If you’re old and gay, Palm Springs is the place to be.

The zoo was pretty good. I wouldn’t completely agree with all the rave reviews it got from the Mommy&Me club members that Kara informed me about, but it was a pleasant change from all the other typical zoos. It reminds me of what a zoo would look like if it was in someone’s backyard: very quaint and friendly, lots of desert paths, all the plants and trees were labeled and the paths meandered through a well manicured desert wonderland of cacti and thick-skinned animals. We gave ourselves about six hours to see it all and grab some dinner before our appointment and that was plenty of time. As I expected, the desert animals are no more stupider in a zoo than they are in the wild; most of them stayed well hidden and out of the 95-degree, 10-percent-humidty weather. The small rodents kept to their holes. The cheetahs were probably hiding in plain sight but I didn’t see them. And the bighorn sheep were strangely absent. The three giraffes were munching on palm trees, which seemed odd to me, and the camels were playing with big paper bags.
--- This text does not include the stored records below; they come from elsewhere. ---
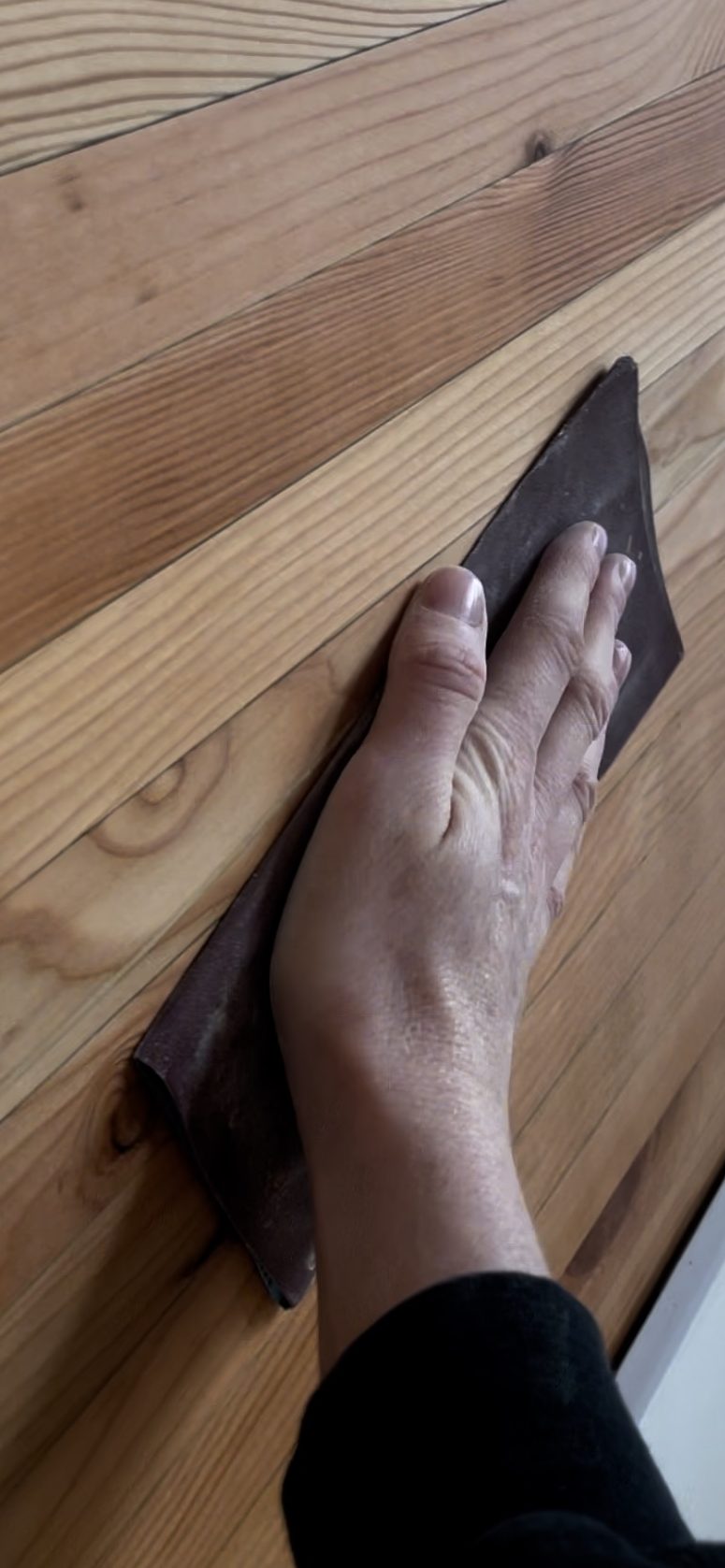 A close-up image of a hand sanding a wooden surface, emphasizing the textured grain of the wood.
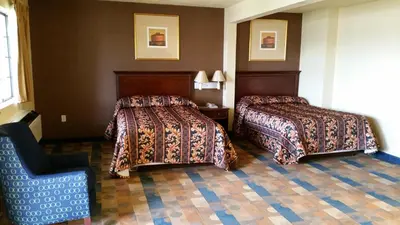 a hotel room with two beds and a chair at Travel Inn Motel in Hartford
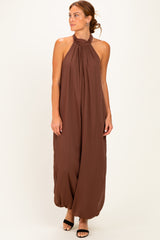 woman wearing a brown halter neck maxi dress with a flowy silhouette and loose fit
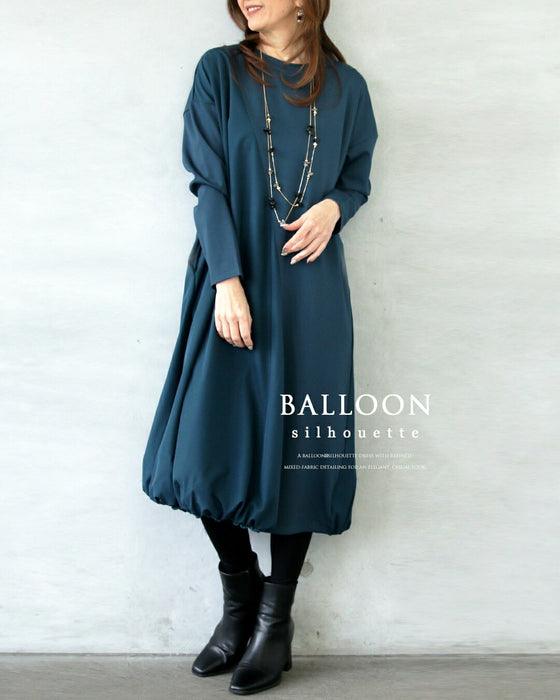 深みブルーが映える計算されたバルーンワンピース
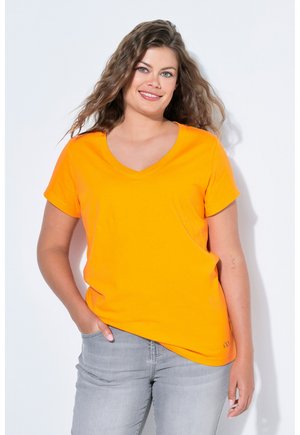 Frau mit locker fallendem, welligem Haar, die ein leuchtend orangefarbenes V-Ausschnitt-T-Shirt und hellgraue Jeans trägt, lächelt und mit einer Hand in der Tasche steht.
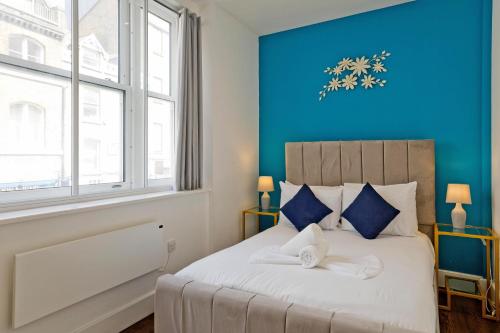 a bedroom with a large bed with a blue wall at Imperial Middlesex Street Apartments in London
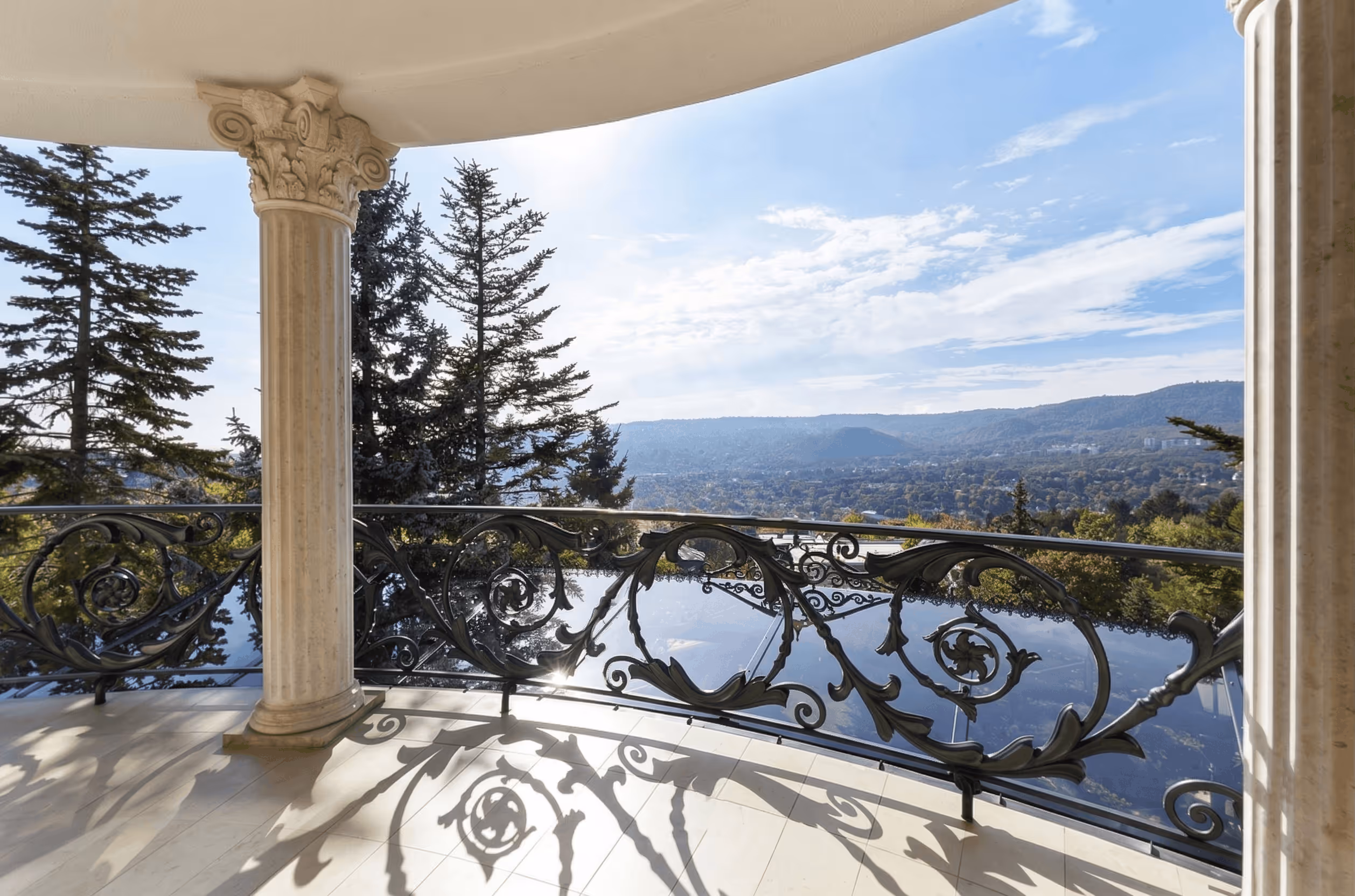 Decorative iron balcony railing casting shadows, with mountain and forest views under a blue sky.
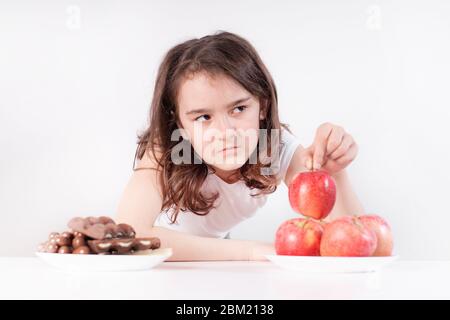 Kinder und Schokolade. Ein fröhliches Mädchen wählt zwischen Schokolade und Äpfeln. Gesunde Ernährung Stockfoto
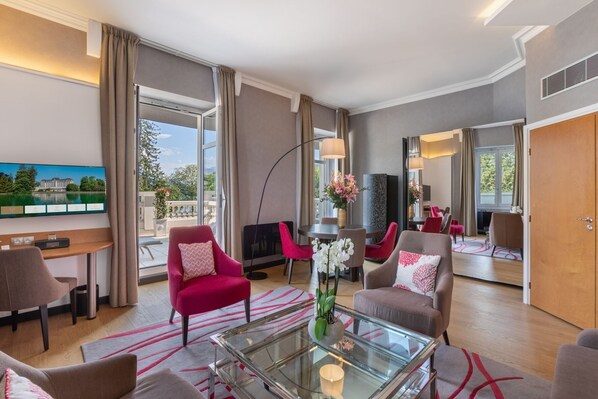 A modern hotel room with a large window, a flat-screen TV, a glass coffee table, and comfortable seating.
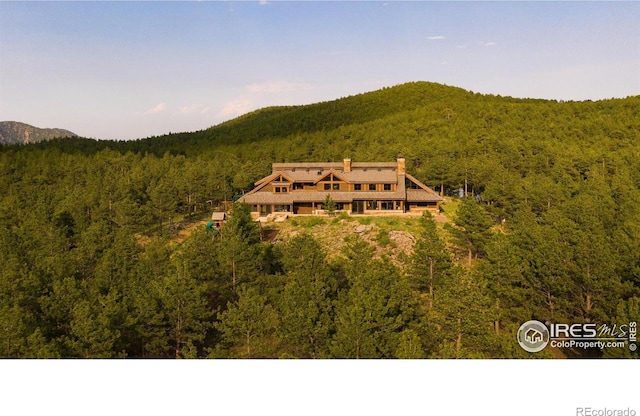 birds eye view of property featuring a mountain view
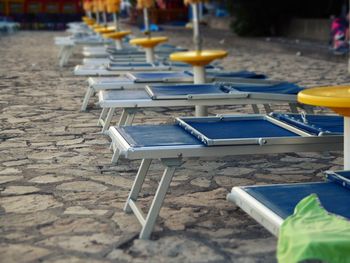 Empty chairs and tables at cafe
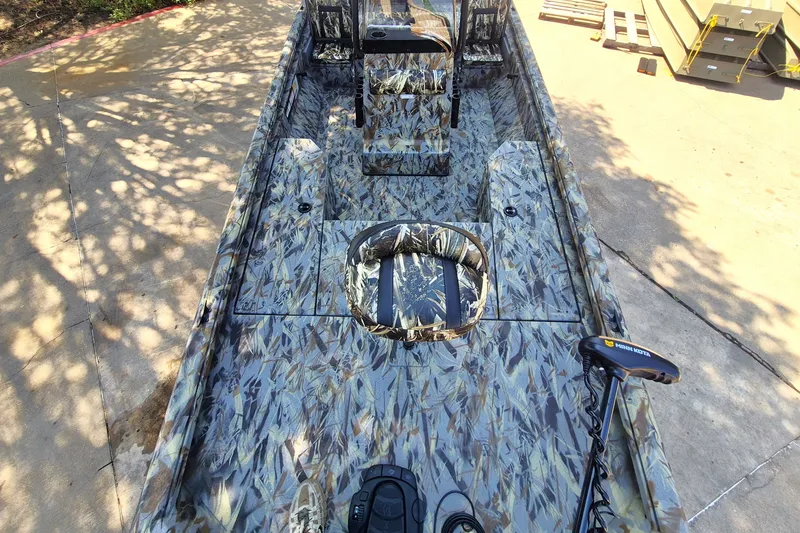 Slide: The Image of 2027 Ranger RB190 boat with camouflage design, featuring a Minn Kota trolling motor. - 12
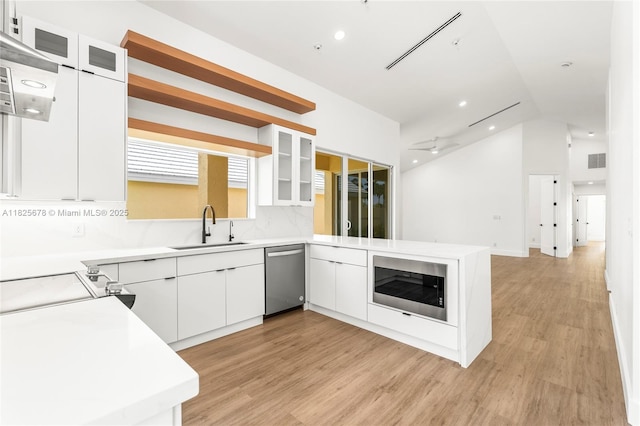 9047 Baybury Ln, West Palm Beach, FL 33411 - kitchen with appliances with stainless steel finishes, a peninsula, light wood-style floors, lofted ceiling, and light countertops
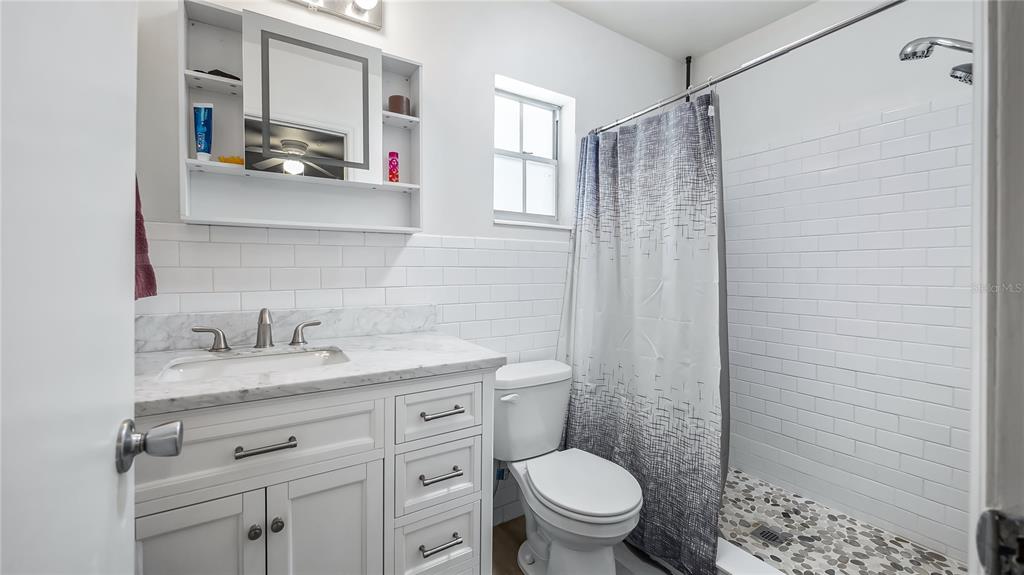 16317 Andrews Circle Cedar Key, FL 32625 - Photo 25 of 53 a bathroom with a granite countertop sink toilet and shower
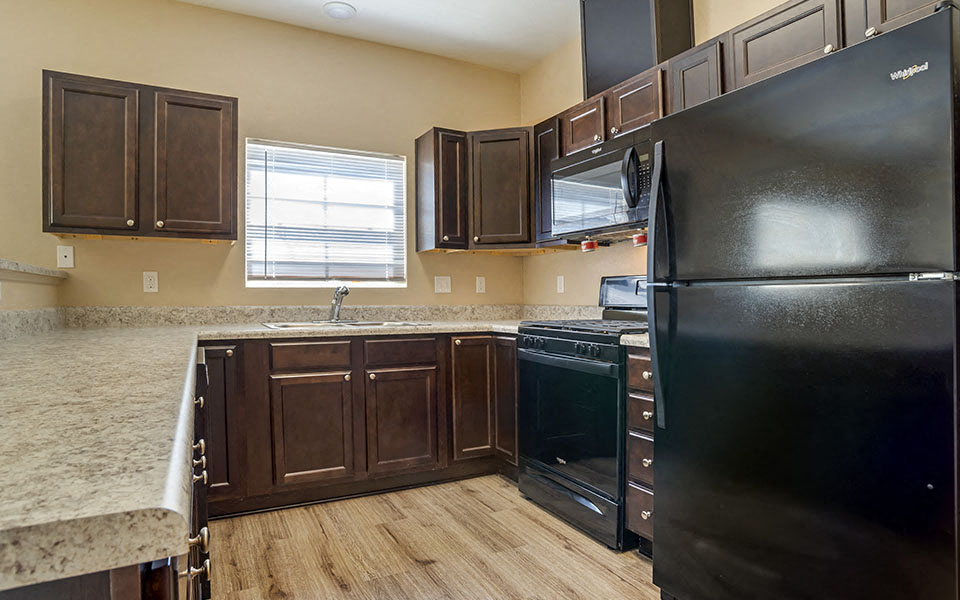 a kitchen with black appliances and brown cabinets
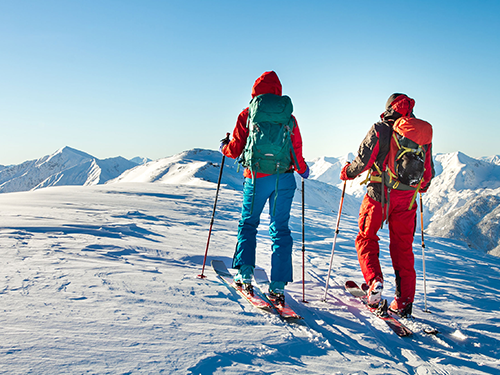 Two people moving up a mountain on skis while wearing colourful backpacks 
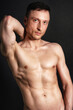 © vladorlov - Young attractive man with an athletic body on a black background.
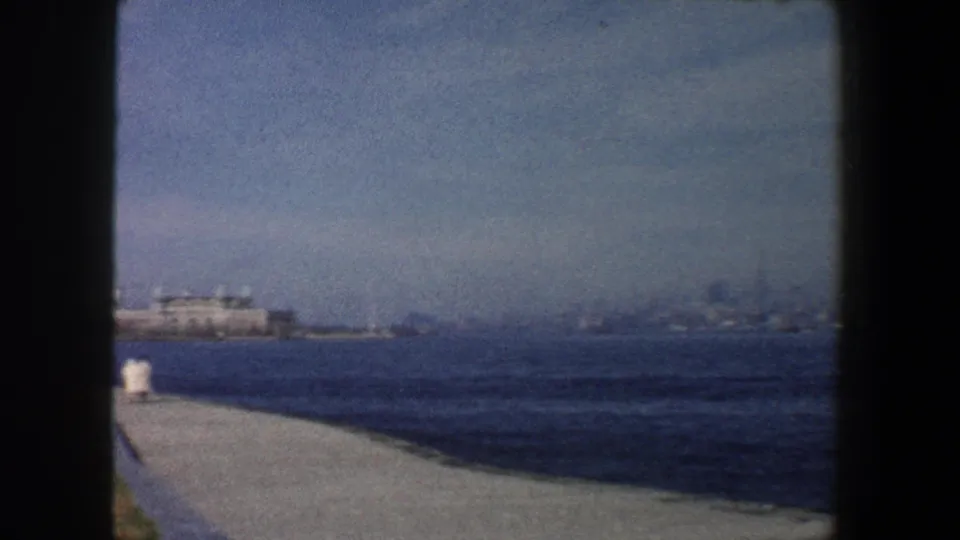 1960 New York City harbor view from a waterfront path, with distant low buildings and hazy skyline forms across the water.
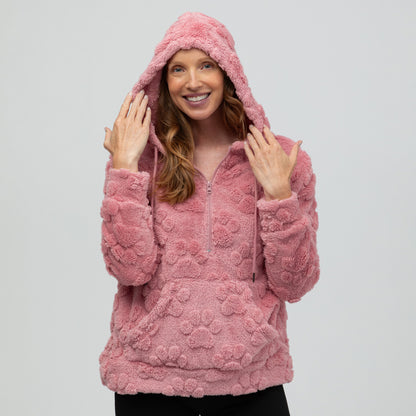 Woman wearing a pink paw print textured hoodie with a kangaroo pocket, and a white background.
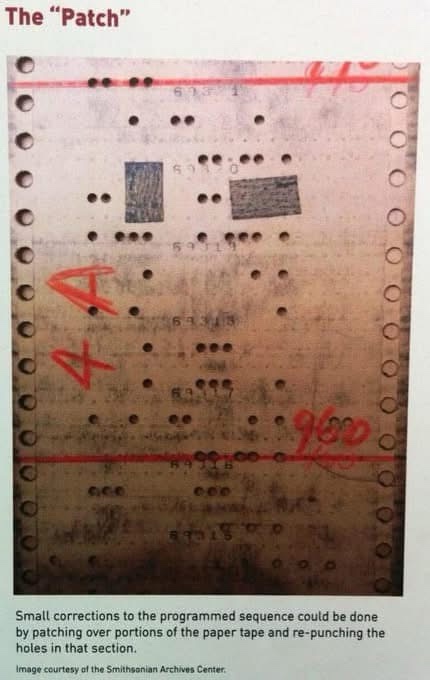 A close-up photograph of an old, worn paper tape with holes, showing two rectangular patches applied over sections of the…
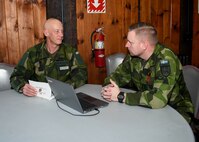 FORT INDIANTOWN GAP, Pa. – Swedish Army Lt. Col. Lt. Col. Fredrik Mansson (left), the chief of operations for the 1st Division Headquarters, speaks with Swedish Army Lt. Col. Jesper Sparre about 42nd Infantry Division command post procedures during the 42nd Inf. Div.’s Warfighter 25-3 exercise at Fort Indiantown Gap, Pa., Jan. 31, 2025.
It was hot. We drank a lot of water, and I even plopped down four bucks for a bottle of beer, which was nice. I spent the day wiping sweat from my brow and didn't notice until I got home that I hadn't used the restroom all day. One delight: There’s nothing like a cold beer on a sweltering day and the four dollars seemed like a bargain, especially since I could drink it from the bottle (try that at Disneyland).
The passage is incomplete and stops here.